Not content with the slow demise of America's deterrent, the denuclearizing Johnnys are making a new push for another arms-control initiative - one wisely rejected by a majority of the U.S. Senate a decade ago: the Comprehensive Test Ban Treaty (CTBT). Ratification would effectively preclude the United States from ever validating its nuclear arsenal via the only tried-and-true means: actual explosive detonations. Even now, thanks to the unilateral U.S. moratorium on such testing adopted in 1992, there are grave and growing uncertainties about the reliability of our obsolescing weaponry.

Mr. Scowcroft recently co-chaired with the ubiquitous Mr. Perry a Council on Foreign Relations panel promoting the nuclear bridge-jump.

Published reports indicate that at least some of the members of yet another group which Mr. Perry also chaired - an official commission charged with reviewing the U.S. Strategic Forces Posture - will this week join the council in endorsing CTBT's ratification. Mr. Scowcroft has told the press he is "cautiously optimistic" 67 votes can be found in the Senate for the treaty.

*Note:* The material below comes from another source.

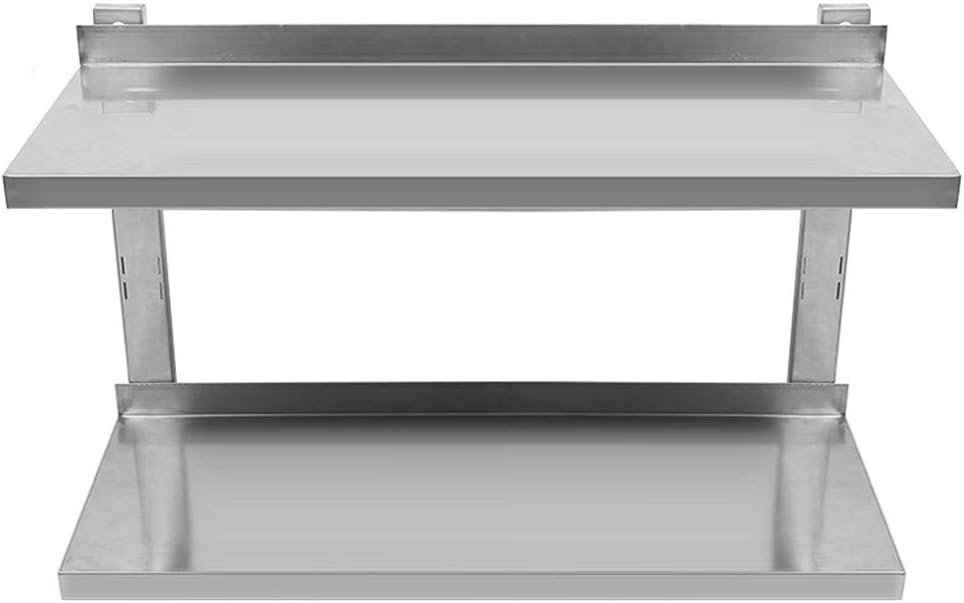 Flyelf Edelstahl Wandregal für Küche Esszimmer Küche Regal Edelstahl Regal 2 Schichten höhenverstell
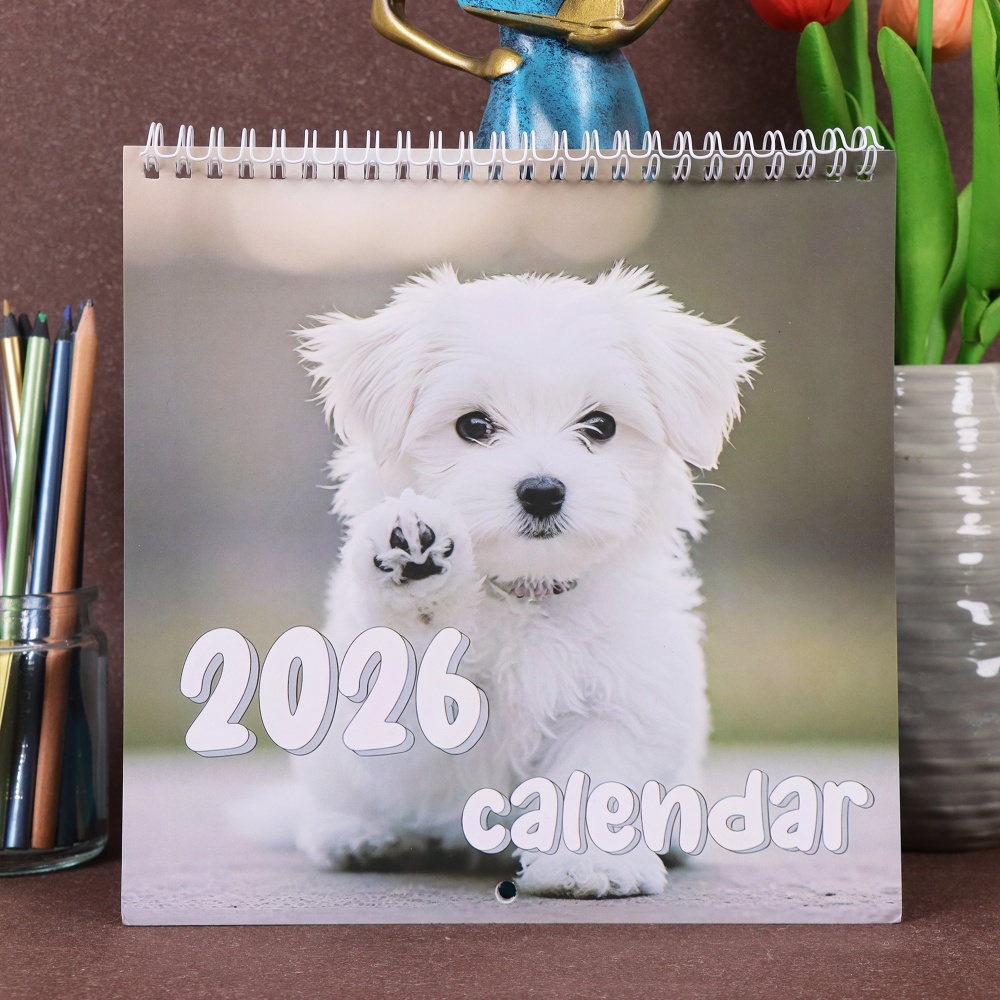 Cute Dog Illustration Calendar - Monthly & Daily Planner with Adorable Puppy , Portable Time Organizer for Home & Off: Default Title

Will America jump off a bridge because these "smart people" say to? Or will we recognize that a world in which, among a growing number of others, the marauding Taliban in Pakistan might soon have nuclear weapons is not one in which the United States can safely heed such advice by continuing its denuclearization?

Frank J. Gaffney Jr. was responsible for nuclear weapons policy in the Reagan Defense Department. He is president of the Center for Security Policy.